Как мухам дети в шутку,

Нам боги любят крылья обрывать.{128}

Со времен Шекспира драматурги продолжают преодолевать тот же недостаток религиозного чувства, и многим из них пришлось стать в своих пьесах попросту сводниками или поставщиками сенсаций. Даже если они помышляли о чем-то высоком, они не могли найти лучших тем. Эпоха от Конгрива{129} до Шеридана{130} оказалась настолько бесплодной, что наследие драматургов тех лет, несмотря на их остроумие, несопоставимо с творческой продукцией одного Мольера. Все они — и не без основания — стыдились своей профессии и предпочитали слыть обыкновенными светскими людьми, у которых есть, правда, конек несколько подозрительного свойства. В этом аду один только Голдсмит спас свою душу.

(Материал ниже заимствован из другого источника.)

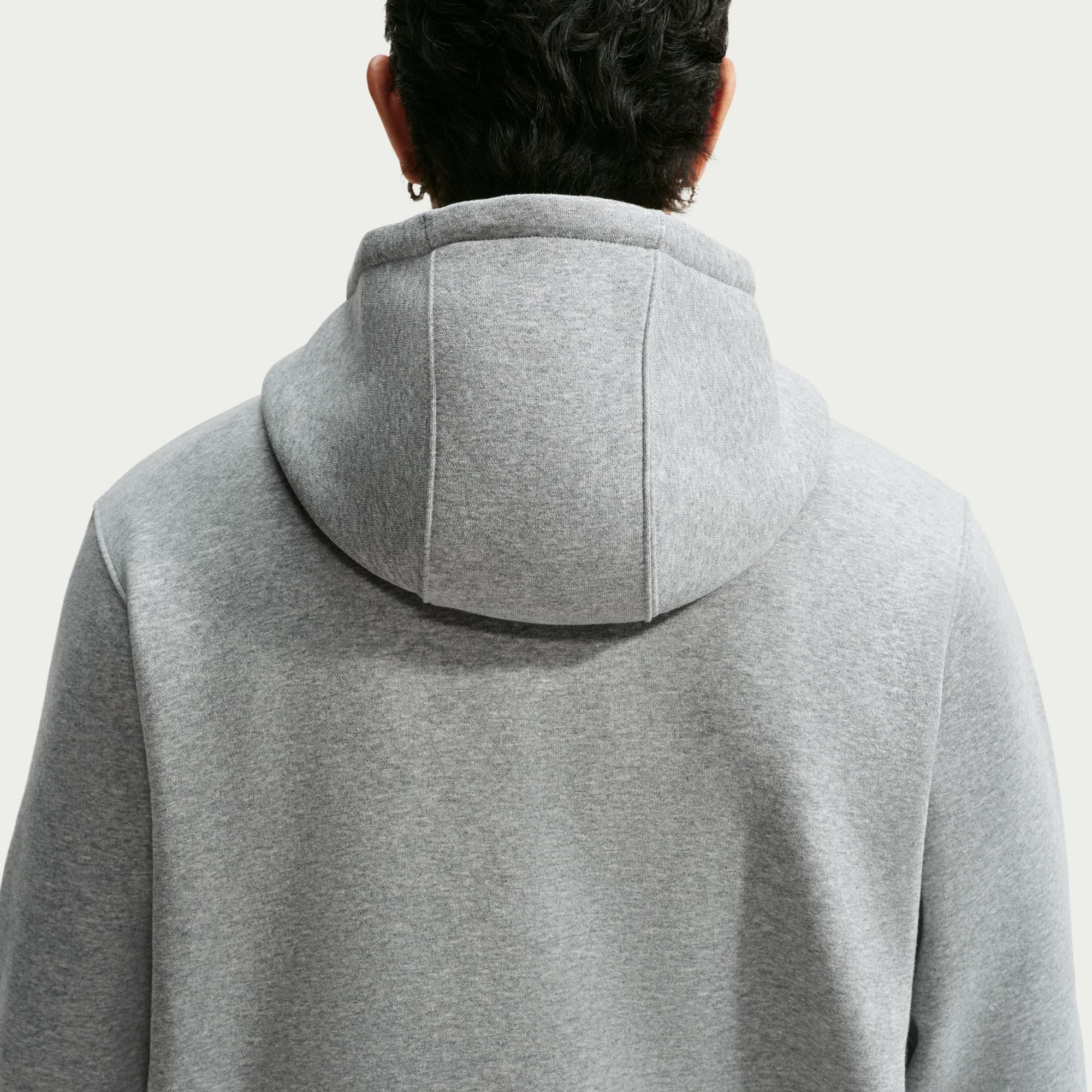 Nike Sportswear Kapuzensweatshirt M NK CLUB BB PO GFX HOODIE mit Rundhalsausschnitt, Langarm-Design, aus Baumwolle und Polyester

Ведущие драматурги моего поколения (ныне ветераны) ухватились за мелкие социальные проблемы, лишь бы не писать исключительно ради денег и славы. Один из них в разговоре со мной выразил зависть к драматургам Древней Греции, от которых афиняне требовали не бесконечного повторения под маской новизны и оригинальности полудюжины избитых сюжетов современного театра, но глубоко поучительного урока, который они могли извлечь из всем известных священных легенд своей родины. «Давайте, — сказал он, — создадим нашу Электру, нашу Антигону, нашего Агамемнона и покажем, на что мы способны». Однако сам он не создал ничего подобного, так как легенды о божествах лишились религиозной сущности: Афродита, Артемида и Посейдон мертвее собственных статуй. Второй драматург, в совершенстве владеющий всеми ухищрениями британского фарса и парижской драмы — и потому занимающий в данном жанре господствующее положение, в конце концов пришел к тому, что никак не мог обойтись без проповеди, однако для своих проповедей не подыскал ничего лучшего, чем лицемерные выкладки притворного пуританства и матримониальных расчетов, заставляющих наших молодых актрис заботиться о своей репутации не меньше, чем о цвете лица. Третий, обладавший слишком нежной душой для того, чтобы сломить наш дух под тяжестью реальных жизненных испытаний, отыскивал мечтательный пафос и изящные забавы в туманной волшебной стране, которая отделяла его от пустых небес. Гиганты современного театра Ибсен и Стриндберг{131} несли миру еще меньшее утешение, чем мы, — даже гораздо меньшее, ибо не владели шекспировско-диккенсовской способностью смеяться над собственными несчастьями — способностью, точно обозначенной словами «комическая разрядка». Наши юные эмансипированные преемники презирают нас — и по заслугам. Однако им не продвинуться ни на шаг вперед, пока драма остается доэволюционистской. Пусть они поразмыслят над таким великим исключением, как Гете. Не превосходя по силе драматургического таланта Шекспира, Ибсена, Стриндберга, он вознесен в эмпиреи, в то время как они во прахе скрежещут зубами в бессильном гневе — или в лучшем случае находят едкое наслаждение в иронии своего безвыходного положения.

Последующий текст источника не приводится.